2011
Die Spinne und die leise, sanfte Stimme
Februar 2011


Die Spinne und die leise, sanfte Stimme

„Es war eine leise Stimme von vollkommener Milde, gleichwie ein Flüstern, und sie drang bis tief in die Seele.“ (Helaman 5:30)

Danke, dass du mich eingeladen hast, Jake“, sagte Britton, als er sich von seinem Freund verabschiedete. „Ich muss jetzt heimgehen zum Mittagessen.“

Die Freunde winkten sich kurz zu. Dann lief Britton den Feldweg entlang, den er meist entlangging, wenn er Jake besuchte. Doch dann wanderten seine Augen über das Feld, das er „den Dschungel“ nannte. Da gab es keine tropischen Pflanzen oder wilden Tiere, es war einfach nur ein schmaler Trampelpfad, der durch ein Meer von hohem Gras und vertrocknetem Unkraut führte. Es war der schnellste Weg nach Hause.

Britton dachte eine Sekunde lang nach, dann quetschte er sich durch die Zaunstangen, die das Feld umgaben.

Knack! Kracks! Trockene Halme und Gras knackten, als Britton den Pfad entlangstapfte. Die Sonne schien ihm heiß auf den Rücken, und sein Hemd fühlte sich ganz klebrig an. Dann kam ein leichter Wind auf, und Britton beschloss, mit dem Wind um die Wette zu laufen.

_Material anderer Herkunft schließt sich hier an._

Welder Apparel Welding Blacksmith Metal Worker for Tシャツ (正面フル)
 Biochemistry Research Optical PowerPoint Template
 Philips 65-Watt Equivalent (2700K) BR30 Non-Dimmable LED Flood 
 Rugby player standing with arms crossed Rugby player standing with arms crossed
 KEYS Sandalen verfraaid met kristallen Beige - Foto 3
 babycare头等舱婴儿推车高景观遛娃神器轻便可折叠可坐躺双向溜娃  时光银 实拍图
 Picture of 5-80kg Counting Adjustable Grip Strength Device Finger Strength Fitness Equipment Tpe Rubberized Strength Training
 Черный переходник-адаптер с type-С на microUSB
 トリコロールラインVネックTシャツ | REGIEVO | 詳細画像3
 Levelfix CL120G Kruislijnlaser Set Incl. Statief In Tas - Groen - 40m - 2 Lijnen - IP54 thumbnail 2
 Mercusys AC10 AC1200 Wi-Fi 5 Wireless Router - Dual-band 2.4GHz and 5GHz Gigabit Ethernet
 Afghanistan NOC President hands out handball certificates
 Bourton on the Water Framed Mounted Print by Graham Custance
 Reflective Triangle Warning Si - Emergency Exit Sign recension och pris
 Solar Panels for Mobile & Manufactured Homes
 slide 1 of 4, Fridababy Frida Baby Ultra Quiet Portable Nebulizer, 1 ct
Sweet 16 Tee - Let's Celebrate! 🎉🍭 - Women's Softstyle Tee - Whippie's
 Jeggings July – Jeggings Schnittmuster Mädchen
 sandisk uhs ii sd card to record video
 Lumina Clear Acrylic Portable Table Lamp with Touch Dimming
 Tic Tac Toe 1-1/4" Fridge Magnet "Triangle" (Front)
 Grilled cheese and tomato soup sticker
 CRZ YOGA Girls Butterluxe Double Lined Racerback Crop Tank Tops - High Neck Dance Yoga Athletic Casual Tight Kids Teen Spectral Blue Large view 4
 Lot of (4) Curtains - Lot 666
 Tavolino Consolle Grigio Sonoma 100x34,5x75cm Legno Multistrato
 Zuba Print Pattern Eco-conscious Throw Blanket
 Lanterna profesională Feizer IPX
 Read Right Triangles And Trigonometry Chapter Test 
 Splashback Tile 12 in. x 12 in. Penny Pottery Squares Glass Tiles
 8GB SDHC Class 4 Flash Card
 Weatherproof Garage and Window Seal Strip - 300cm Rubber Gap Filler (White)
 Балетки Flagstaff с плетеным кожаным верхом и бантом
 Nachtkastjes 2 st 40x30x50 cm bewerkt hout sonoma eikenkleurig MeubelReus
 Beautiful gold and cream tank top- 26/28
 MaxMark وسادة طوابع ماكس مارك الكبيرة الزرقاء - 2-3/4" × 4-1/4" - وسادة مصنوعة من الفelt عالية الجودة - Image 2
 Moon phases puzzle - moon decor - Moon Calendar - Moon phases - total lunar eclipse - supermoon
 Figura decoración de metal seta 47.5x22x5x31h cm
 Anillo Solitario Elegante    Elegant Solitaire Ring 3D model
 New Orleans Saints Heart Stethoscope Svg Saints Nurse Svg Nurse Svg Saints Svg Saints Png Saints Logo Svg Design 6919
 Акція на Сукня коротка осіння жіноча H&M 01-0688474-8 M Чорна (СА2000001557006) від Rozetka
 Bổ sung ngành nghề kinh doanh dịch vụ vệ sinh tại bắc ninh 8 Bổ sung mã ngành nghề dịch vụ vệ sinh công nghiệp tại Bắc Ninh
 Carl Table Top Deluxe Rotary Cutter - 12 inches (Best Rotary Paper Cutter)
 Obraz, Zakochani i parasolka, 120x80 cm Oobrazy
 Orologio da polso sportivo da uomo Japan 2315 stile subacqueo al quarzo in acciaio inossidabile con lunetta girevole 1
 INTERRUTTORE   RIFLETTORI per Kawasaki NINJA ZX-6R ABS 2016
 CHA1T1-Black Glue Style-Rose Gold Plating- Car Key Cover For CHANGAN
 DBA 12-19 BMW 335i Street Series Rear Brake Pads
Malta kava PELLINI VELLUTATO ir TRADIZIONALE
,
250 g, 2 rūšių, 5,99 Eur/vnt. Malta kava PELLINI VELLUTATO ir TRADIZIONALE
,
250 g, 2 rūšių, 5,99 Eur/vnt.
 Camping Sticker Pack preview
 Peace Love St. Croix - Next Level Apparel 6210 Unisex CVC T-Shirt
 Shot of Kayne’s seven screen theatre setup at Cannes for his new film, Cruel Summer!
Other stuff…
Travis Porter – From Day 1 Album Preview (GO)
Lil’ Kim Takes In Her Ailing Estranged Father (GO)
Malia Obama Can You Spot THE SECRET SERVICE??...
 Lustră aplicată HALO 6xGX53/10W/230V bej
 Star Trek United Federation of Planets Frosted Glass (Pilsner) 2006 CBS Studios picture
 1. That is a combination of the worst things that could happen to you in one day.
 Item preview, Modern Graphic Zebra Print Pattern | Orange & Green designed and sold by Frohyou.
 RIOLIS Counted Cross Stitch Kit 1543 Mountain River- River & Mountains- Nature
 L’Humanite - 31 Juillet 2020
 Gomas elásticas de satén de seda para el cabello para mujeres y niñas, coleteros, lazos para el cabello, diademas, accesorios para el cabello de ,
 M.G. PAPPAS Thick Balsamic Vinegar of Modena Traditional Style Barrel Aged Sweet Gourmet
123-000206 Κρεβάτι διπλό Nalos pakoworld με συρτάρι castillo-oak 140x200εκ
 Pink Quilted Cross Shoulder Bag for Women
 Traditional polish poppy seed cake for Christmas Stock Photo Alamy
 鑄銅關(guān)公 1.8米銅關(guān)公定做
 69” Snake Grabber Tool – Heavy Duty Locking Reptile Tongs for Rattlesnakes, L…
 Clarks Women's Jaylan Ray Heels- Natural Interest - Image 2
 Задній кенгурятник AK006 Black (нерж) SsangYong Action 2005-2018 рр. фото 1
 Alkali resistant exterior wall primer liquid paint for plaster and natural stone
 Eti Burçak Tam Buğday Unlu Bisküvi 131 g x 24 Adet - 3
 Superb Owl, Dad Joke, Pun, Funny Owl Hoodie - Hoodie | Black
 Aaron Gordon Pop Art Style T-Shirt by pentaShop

Der Pfad wurde schmaler. Britton wusste, dass er gleich an einen Bach kam, deshalb rannte er noch ein bisschen schneller. Jetzt ging es um die Kurve, und Britton wollte schon abspringen, um über den Bach zu kommen, als er plötzlich das Wort Halt! hörte.

Sofort blieb Britton stehen und horchte. Aber er konnte nur das Gras im Wind rauschen hören. Britton runzelte die Stirn. Die Stimme war ganz leise gewesen, aber völlig klar, als ob ihm jemand ins Ohr geflüstert hätte. Aber es war niemand zu sehen.

Britton zuckte mit den Schultern und drehte sich um, um über den Bach zu springen. Da erstarrte er. Genau vor seinem Gesicht schimmerte ein riesiges Spinnennetz, das kurz vor dem Bach quer über den Pfad gespannt war. In der Mitte wartete eine riesige Spinne.

Ein paar Sekunden lang starrte Britton die Spinne mit großen Augen an. Dann rannte er den Pfad entlang zurück, hinaus aus dem Dschungel. Nun wollte er doch lieber den Feldweg nehmen.

„Mama! Mama! Rat mal, was passiert ist!“ Britton raste ins Haus und suchte nach seiner Mutter. Japsend erzähle er ihr von seinem Weg durch den Dschungel, von der Stimme und von der riesigen Spinne vor seinem Gesicht.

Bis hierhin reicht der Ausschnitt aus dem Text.